= Your assignment =
Nothing but the lines from the one with "Michael Van Gerwen" through the last line of the entries below should appear in the copy, please, and no pictures.

= Extracted entries =

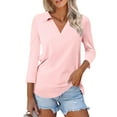thumbnail image 1 of 3/4 Length Sleeve Womens Tops 2026 Spring Summer Collared Polo Shirts V Neck Casual Basic Polos Tees Shirt Light pink 3XL, 1 of 4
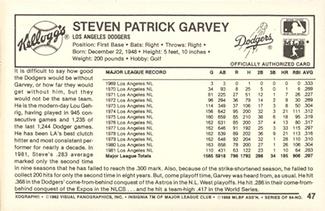1982 Kellogg's 3-D Super Stars #47 Steve Garvey Back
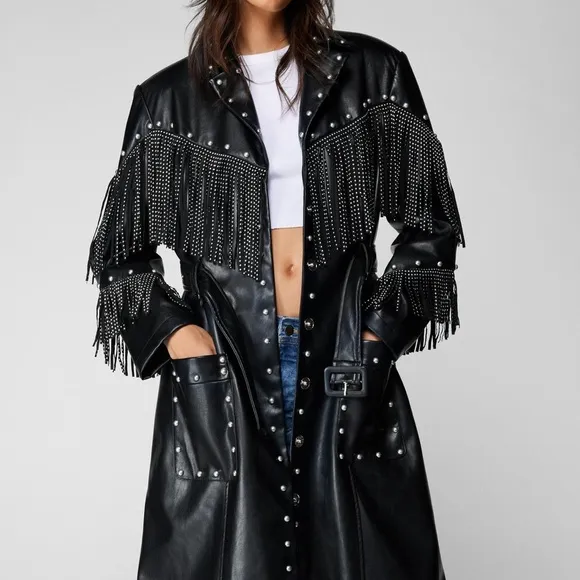 Black Studded Fringe Women's Jacket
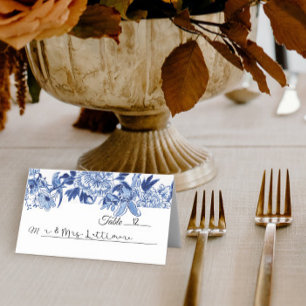 Chinoiserie Blauer und Weißer Blumenvogel Platzkarte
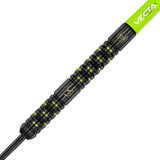Michael Van Gerwen MVG Adrenalin Steel Tip Darts close up image showing detailed grip patterns, machining, coating, and precision craftsmanship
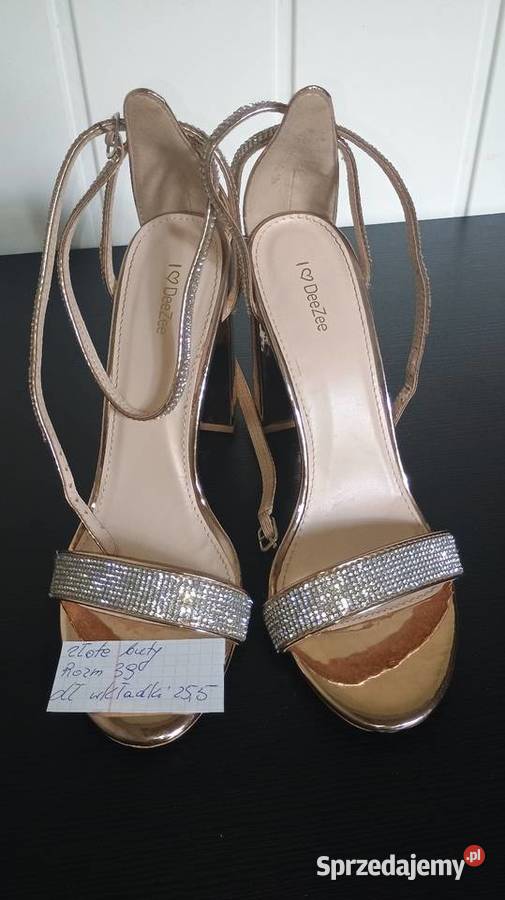 Złote buty okazjonalne z brylantami Rozmiar 39 25.5cm mazowieckie Warszawa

= Answer =
Michael Van Gerwen MVG Adrenalin Steel Tip Darts close up image showing detailed grip patterns, machining, coating, and precision craftsmanship
 Złote buty okazjonalne z brylantami Rozmiar 39 25.5cm mazowieckie Warszawa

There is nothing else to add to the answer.